MAUTHAUSEN

Poèmes de Iakovos Kambanellis

 



CHANT DES CHANTS (ASMA ASMATON)

 

Quelle est belle, mon amour
Avec sa robe de tous les jours
Avec un petit peigne dans ses cheveux
Personne ne le savait, qu'elle était aussi belle.
Jeunes filles d'Auschwitz,
Jeunes filles de Dachau,
N'avez-vous pas vu mon amour?

Nous l'avons vue, dans un lointain voyage
Elle ne portait plus sa robe
Ni de peigne dans ses cheveux.
Qu'elle est belle, mon amour
Choyée par sa mère
et les baisers de son frère.
Personne ne le savait, qu'elle était aussi belle.
Jeunes filles de Mauthausen,
Jeunes filles de Belsen,
N'avez-vous pas vu mon amour?
Nous l'avons vue sur la place gelée,
Un numéro dans sa main blanche
et une étoile jaune sur le cœur.

 

ANDONIS (O ANDONIS)

 

Là, dans le grand escalier
Dans l'escalier des larmes
Dans le profond sentier de la mort
Dans la carrière des lamentations,
Juifs et partisans marchent,
Juifs et partisans tombent,
Ils portent un rocher sur leur dos
Un rocher, croix de mort!

C'est alors qu'Andonis entend la voix.
La voix:
«Oh! camarade, oh! camarade,
«Aide-moi à monter l'escalier.»
Mais là dans le grand escalier,
L'escalier des larmes,
Toute aide est une insulte,
Toute compassion, une malédiction.

Le juif tombe sur la marche
Et l'escalier devient rouge
«Et toi mon gars, viens par ici
«Prends un deuxième rocher».
J'en prends un, j'en prends deux
Moi je m'appelle Andonis
Et si tu es un homme, viens donc ici
Sur l'aire de marbre.

 

LE FUGITIF (O DRAPETIS)

 

Yannos Ber lui qui vient du Nord
ne supporte pas les barbelés.
Il prend courage, il prend des ailes.
Il court dans les sillages de la plaine.

Donne, donne, dame, un peu de pain
et des vêtements pour me changer.
J'ai un long chemin à faire
et des lacs à survoler.

Où qu'il passe et où qu'il s'arrête
S'abattent la peur, la terreur
et une voix, une voix terrible:
«Cachez-vous du fuyard».

Chrétiens, je ne suis pas assassin
Ni fauve pour vous manger.
Je me suis enfui de prison
Pour rentrer chez moi.

Ah !. quelle solitude de mort
Dans ce pays de Bertolt Brecht!
Yannos est livré aux SS
Maintenant c'est pour le tuer qu'ils l'emmènent...

 

LORSQUE LA GUERRE SERA FINIE (OTAN TELIOSSI O POLEMOS)

 

Fillette aux yeux effarouchés
Fillette aux mains glacées
Lorsque la guerre sera finie, ne m'oublie pas.

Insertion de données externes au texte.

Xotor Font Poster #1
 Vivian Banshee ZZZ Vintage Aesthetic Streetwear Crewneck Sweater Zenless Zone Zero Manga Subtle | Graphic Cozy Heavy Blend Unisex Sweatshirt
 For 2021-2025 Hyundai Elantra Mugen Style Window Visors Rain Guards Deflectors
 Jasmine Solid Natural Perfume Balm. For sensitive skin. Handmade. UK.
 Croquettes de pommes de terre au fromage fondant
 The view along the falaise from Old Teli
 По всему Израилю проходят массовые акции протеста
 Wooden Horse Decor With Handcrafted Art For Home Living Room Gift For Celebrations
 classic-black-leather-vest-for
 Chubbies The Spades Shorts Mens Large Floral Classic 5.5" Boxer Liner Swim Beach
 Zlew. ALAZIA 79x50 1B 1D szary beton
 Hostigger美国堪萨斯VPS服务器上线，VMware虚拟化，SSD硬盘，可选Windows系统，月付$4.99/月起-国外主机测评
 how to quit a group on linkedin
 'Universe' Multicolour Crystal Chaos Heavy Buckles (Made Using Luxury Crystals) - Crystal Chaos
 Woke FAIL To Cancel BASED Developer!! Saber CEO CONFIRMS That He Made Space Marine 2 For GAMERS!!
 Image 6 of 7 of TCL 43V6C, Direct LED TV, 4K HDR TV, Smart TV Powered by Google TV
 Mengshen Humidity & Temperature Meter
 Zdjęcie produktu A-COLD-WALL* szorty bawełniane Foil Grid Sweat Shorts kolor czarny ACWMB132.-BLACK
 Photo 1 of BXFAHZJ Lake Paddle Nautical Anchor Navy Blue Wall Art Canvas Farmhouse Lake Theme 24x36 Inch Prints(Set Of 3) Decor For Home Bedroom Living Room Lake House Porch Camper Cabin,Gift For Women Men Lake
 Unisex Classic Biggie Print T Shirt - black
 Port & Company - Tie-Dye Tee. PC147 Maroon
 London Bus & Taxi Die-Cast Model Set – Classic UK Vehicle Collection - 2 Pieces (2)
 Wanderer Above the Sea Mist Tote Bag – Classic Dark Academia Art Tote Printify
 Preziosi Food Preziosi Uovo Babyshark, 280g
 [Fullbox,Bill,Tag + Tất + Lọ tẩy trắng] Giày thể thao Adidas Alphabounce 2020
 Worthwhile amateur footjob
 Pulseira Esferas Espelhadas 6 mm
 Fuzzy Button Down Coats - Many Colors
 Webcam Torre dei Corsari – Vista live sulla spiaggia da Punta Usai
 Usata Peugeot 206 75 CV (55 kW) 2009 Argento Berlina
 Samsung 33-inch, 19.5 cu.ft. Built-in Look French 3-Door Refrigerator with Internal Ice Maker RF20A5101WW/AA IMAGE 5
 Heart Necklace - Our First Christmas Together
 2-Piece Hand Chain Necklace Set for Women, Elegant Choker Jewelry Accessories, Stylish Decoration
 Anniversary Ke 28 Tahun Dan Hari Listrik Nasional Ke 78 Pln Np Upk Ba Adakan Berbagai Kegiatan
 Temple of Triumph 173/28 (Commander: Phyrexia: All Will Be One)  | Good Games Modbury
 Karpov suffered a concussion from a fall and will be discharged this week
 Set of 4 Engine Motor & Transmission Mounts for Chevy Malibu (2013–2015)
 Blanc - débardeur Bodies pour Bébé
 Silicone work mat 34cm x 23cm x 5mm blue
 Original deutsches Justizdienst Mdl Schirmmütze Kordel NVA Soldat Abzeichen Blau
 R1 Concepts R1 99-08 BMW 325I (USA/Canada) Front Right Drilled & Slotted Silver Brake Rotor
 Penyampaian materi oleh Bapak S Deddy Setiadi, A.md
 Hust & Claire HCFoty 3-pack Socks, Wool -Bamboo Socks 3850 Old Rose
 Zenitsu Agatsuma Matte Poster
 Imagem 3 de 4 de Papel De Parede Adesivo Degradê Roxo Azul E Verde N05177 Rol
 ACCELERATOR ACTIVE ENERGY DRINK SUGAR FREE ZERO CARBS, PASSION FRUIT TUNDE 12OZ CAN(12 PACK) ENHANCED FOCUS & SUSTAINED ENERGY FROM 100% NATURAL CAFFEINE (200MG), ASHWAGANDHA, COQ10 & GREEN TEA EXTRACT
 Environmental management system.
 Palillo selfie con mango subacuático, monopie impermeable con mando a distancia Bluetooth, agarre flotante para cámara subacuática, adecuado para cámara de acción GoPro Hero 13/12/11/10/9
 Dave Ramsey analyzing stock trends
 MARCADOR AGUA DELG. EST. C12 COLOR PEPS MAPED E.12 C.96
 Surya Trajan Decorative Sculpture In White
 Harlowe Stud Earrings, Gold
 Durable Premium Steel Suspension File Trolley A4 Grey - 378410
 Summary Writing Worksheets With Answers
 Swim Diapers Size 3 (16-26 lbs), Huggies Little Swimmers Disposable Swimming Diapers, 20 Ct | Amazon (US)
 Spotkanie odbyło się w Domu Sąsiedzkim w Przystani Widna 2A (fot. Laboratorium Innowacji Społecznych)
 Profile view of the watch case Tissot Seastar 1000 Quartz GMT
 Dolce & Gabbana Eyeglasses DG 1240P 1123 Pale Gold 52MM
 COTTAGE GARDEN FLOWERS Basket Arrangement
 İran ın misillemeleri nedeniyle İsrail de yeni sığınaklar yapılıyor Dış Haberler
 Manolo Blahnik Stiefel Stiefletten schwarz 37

Joie du monde, viens à la porte
Pour que nous nous embrassions sur la route,
Que nous nous enlacions sur la place,

Que nous nous aimions dans la carrière,
Dans les chambres à gaz,
Dans l'escalier, les miradors,

L'amour en plein midi
Dans tous les coins de la mort
Jusqu'à ce que disparaisse son ombre.